Stored data
+++++
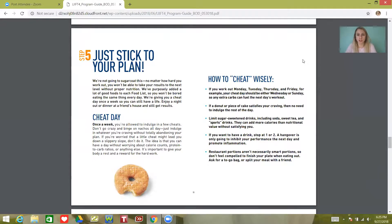Once a week you're allowed to indulge in a few treats. Don't go crazy and binge on nachos all day — just include whatever you're craving without totally abandoning your plan. So like if you want a cheeseburger, eat the cheeseburger. It's not going to kill you. However, if you know that a little treat might cause you to tumble down the hill, you may want to avoid that altogether — it's completely a judgment call. If you want to treat yourself wisely, have your treat the day before leg day, because carbs give us energy and leg day is the most challenging day.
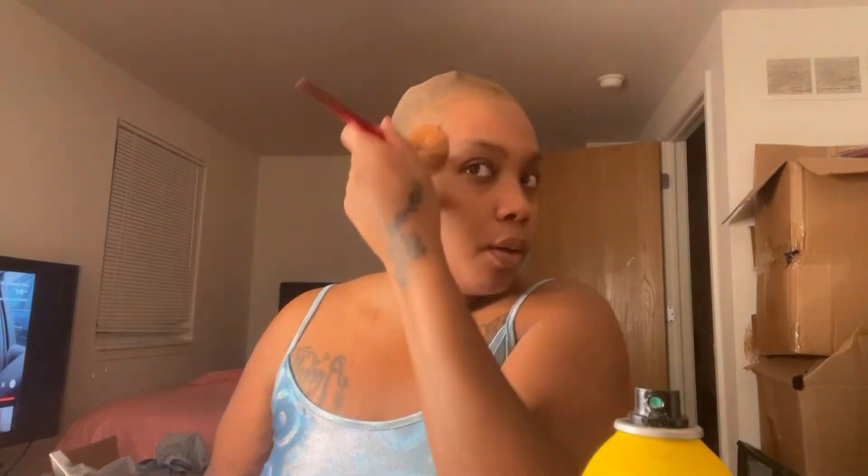I'm just going to lift this up — like that — and now I'm going to take a little bit more to seal this line. I'm going to take my powder foundation from Murphy and put it around my hairline.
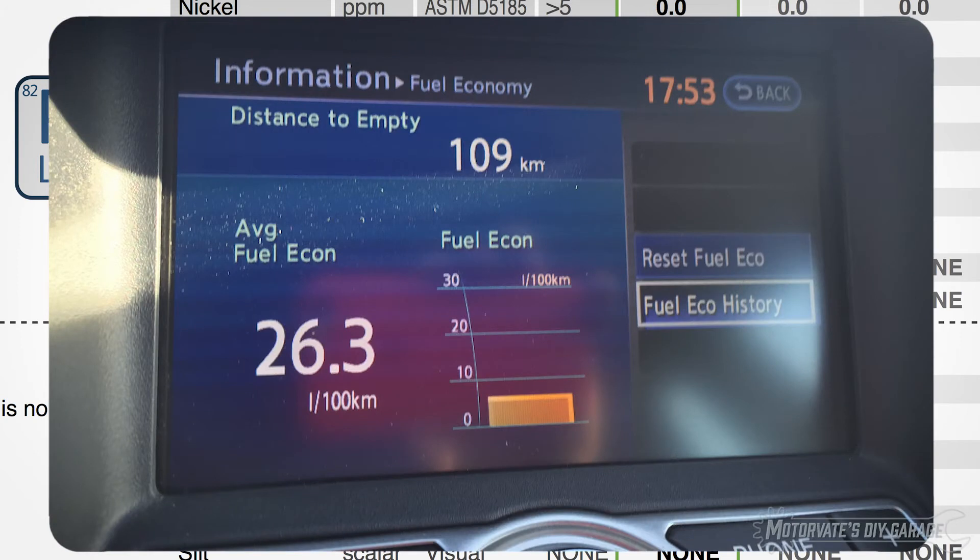By the way, on that day I averaged 26 liters per 100 kilometers, which is about 9 miles per gallon.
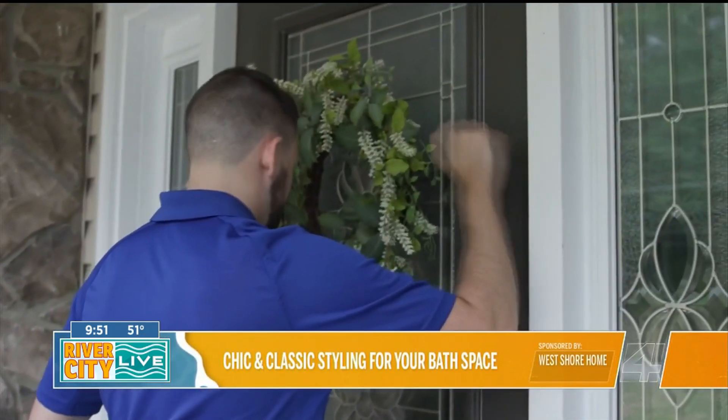What makes West Shore Home showers different from other bath and shower remodeling companies? There's a bunch of different things we've done to really separate ourselves. The first thing is that in our process, we give guaranteed pricing to everybody down to the penny, and that price is good for an entire year. We're not using any subcontractors — they're all our own employees that do the work, and we give a lifetime warranty on everything that we do.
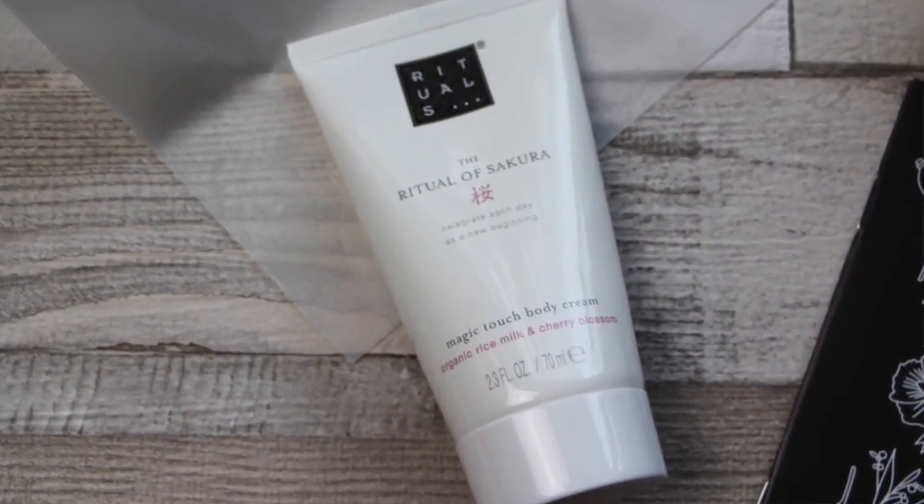First of all, there's a nice chunky size of the Magic Touch body cream from Rituals. If you love the smell of cherry blossom but like it to be a little bit softer and more subtle, this is great. The cream has a really good texture — it's very moisturising but it doesn't leave a greasy residue, so you can just dress as soon as you've used it.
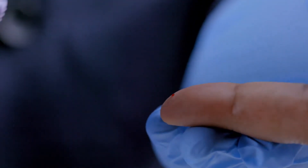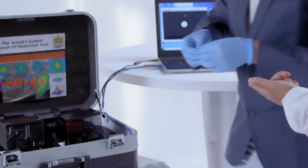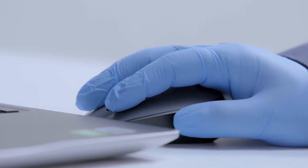Step number one: take the blood on the slide. Step number two: put the slide on the machine. Step number three: take the image. Step number four: put it on the computer for processing, and it will give you the answer within a few seconds — whether the sample is infected or healthy.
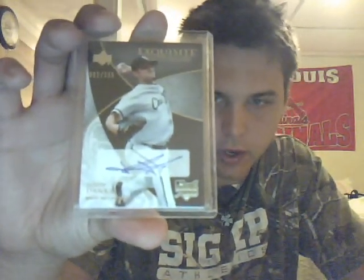And then to top it off, these go about 10 to 15 bucks a piece on eBay — number 92 of 235 out of Exquisite, John Danks for the Chicago White Sox, Rookie Auto.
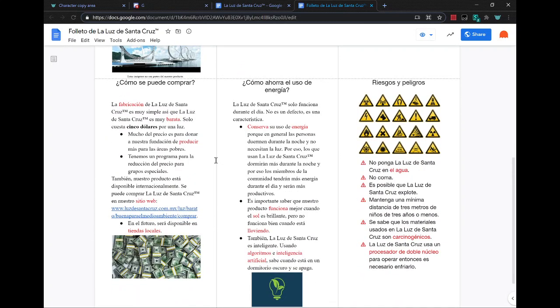How do you buy this? The fabrication of the Santa Cruz light is very simple, so the Santa Cruz light trademark is very cheap. It only costs $5 for a light. Much of the price is donated to our foundation to produce more of these lights for poor areas. We have a program for the reduction of the price for special groups. Our product is also available internationally, and you can buy the Santa Cruz light trademarked on our website, luzdesantacruz.com.mx. In the future, it will be available in your local stores.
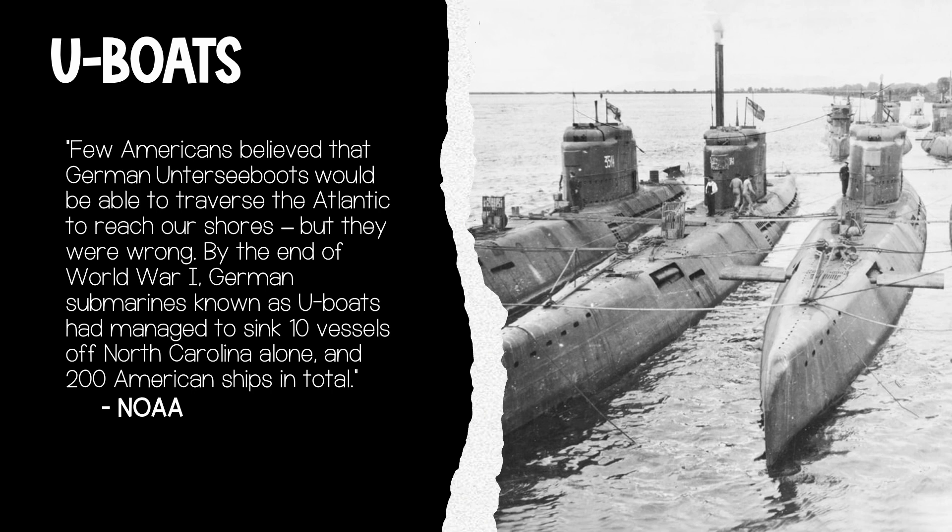We've talked about the changes in how war was waged by land and by air. The last front is the open ocean. Naval technology had developed significantly with the shift to ironclad ships, and at this point we see the development of submarines — with the Germans leading the way. U-boats is the term for German submarines, which they called Unterseeboots. By the end of World War I, German U-boats had managed to sink 10 vessels off North Carolina's coast alone and 200 American ships in total, according to the NOAA. It's safe to say that submarines played a prominent role in the outcome of the war.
+++++
## [The task]
Print every record above exactly, with no pictures.

## [Answer]
Once a week you're allowed to indulge in a few treats. Don't go crazy and binge on nachos all day — just include whatever you're craving without totally abandoning your plan. So like if you want a cheeseburger, eat the cheeseburger. It's not going to kill you. However, if you know that a little treat might cause you to tumble down the hill, you may want to avoid that altogether — it's completely a judgment call. If you want to treat yourself wisely, have your treat the day before leg day, because carbs give us energy and leg day is the most challenging day.
I'm just going to lift this up — like that — and now I'm going to take a little bit more to seal this line. I'm going to take my powder foundation from Murphy and put it around my hairline.
By the way, on that day I averaged 26 liters per 100 kilometers, which is about 9 miles per gallon.
What makes West Shore Home showers different from other bath and shower remodeling companies? There's a bunch of different things we've done to really separate ourselves. The first thing is that in our process, we give guaranteed pricing to everybody down to the penny, and that price is good for an entire year. We're not using any subcontractors — they're all our own employees that do the work, and we give a lifetime warranty on everything that we do.
First of all, there's a nice chunky size of the Magic Touch body cream from Rituals. If you love the smell of cherry blossom but like it to be a little bit softer and more subtle, this is great. The cream has a really good texture — it's very moisturising but it doesn't leave a greasy residue, so you can just dress as soon as you've used it.
Step number one: take the blood on the slide. Step number two: put the slide on the machine. Step number three: take the image. Step number four: put it on the computer for processing, and it will give you the answer within a few seconds — whether the sample is infected or healthy.
And then to top it off, these go about 10 to 15 bucks a piece on eBay — number 92 of 235 out of Exquisite, John Danks for the Chicago White Sox, Rookie Auto.
How do you buy this? The fabrication of the Santa Cruz light is very simple, so the Santa Cruz light trademark is very cheap. It only costs $5 for a light. Much of the price is donated to our foundation to produce more of these lights for poor areas. We have a program for the reduction of the price for special groups. Our product is also available internationally, and you can buy the Santa Cruz light trademarked on our website, luzdesantacruz.com.mx. In the future, it will be available in your local stores.
We've talked about the changes in how war was waged by land and by air. The last front is the open ocean. Naval technology had developed significantly with the shift to ironclad ships, and at this point we see the development of submarines — with the Germans leading the way. U-boats is the term for German submarines, which they called Unterseeboots. By the end of World War I, German U-boats had managed to sink 10 vessels off North Carolina's coast alone and 200 American ships in total, according to the NOAA. It's safe to say that submarines played a prominent role in the outcome of the war.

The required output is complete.